Today we seem to deal with dates in a straightforward way. A year has 12 months and 365 days or, if we have a leap year, 366 days. The names of the months are no secret. There are 52 weeks, and each week has seven days. Writing a date in the German language would be done in the following sequence: day/month/year. Well, so far nothing special. However, going back in time, things are not that easy.
What do you do, for example, when you try to enter into your program “Lupus ep Lugdun” and your computer does not accept such a date? What is going on? In early German Church records, pastors chose “special” names for certain dates. This was especially true when a christening, marriage or burial fell on a Sunday or a feast day. The church year has fixed and movable feast days. Christmas day has a fixed date. It always falls on December 25th of each year. Easter, on the other hand, is a moveable feast day. It is the Sunday of the first full moon in spring, and seven Sundays later is Pentecost.
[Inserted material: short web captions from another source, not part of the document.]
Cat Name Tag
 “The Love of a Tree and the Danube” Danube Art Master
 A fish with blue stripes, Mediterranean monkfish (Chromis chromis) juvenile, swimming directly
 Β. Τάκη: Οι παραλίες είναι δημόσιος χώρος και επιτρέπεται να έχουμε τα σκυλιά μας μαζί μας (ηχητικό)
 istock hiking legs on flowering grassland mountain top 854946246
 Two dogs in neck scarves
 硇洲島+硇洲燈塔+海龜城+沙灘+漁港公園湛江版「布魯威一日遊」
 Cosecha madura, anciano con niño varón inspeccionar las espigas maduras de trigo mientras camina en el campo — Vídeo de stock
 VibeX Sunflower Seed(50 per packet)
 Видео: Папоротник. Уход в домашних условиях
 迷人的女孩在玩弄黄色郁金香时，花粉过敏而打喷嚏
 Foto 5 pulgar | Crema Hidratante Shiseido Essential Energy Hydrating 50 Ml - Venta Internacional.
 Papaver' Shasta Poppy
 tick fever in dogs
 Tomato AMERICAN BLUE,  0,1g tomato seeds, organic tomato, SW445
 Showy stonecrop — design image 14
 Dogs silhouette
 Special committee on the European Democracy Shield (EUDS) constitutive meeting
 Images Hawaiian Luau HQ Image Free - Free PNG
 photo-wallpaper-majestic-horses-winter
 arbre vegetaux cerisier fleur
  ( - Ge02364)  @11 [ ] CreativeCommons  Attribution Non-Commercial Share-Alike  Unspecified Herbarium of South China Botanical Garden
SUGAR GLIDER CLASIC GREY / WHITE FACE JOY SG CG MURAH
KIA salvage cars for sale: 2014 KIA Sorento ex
Easter could be on 35 possible days between March 22nd and April 25th.
If there is a Sunday between New Years Day and the 6th of January (Epiphany), that Sunday is called “Domini post Circumcisio,” then follow the first to sixth Sundays after Epiphany, which are called “1. Epiphanis,” “2. Epiphanis,”etc. After that, all successive Sundays have fixed names, until the first Sunday after Pentecost, which is called “Trinitatis.” Then follow from 22 to 27 Sundays called Trinitatis, depending on the Easter date.
There are other German holidays which are movable, such as Gründonnerstag, also known as “Dies viridum” or “Cena domini,” and Karfreitag, known as “Stiller Freitag” or “Parasceven.” As a German researcher, you should also be aware of Latinized calendar versions, in which the months of September, October, November, and December appear as 7bris, 8bris, 9bris, and 10bris or Xbris. German scribes also had to deal with the French Calendar, a whole new system of calendaring.